*EXERCISE DESCRIPTION*. From the entries below, reproduce exactly the line containing "East Braintree House", the line containing "235 Kent Street, #914", and every line in between, with nothing added.

*DATASET EXCERPTS*.
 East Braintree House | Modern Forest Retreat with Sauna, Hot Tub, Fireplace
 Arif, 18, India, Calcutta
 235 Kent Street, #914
---
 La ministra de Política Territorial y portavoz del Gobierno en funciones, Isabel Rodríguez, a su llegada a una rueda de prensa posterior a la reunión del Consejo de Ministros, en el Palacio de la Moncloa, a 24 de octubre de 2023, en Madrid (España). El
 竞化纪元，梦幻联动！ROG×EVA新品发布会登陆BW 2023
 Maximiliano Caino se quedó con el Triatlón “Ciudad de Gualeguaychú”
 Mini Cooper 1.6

*ANSWER SPACE*.
 East Braintree House | Modern Forest Retreat with Sauna, Hot Tub, Fireplace
 Arif, 18, India, Calcutta
 235 Kent Street, #914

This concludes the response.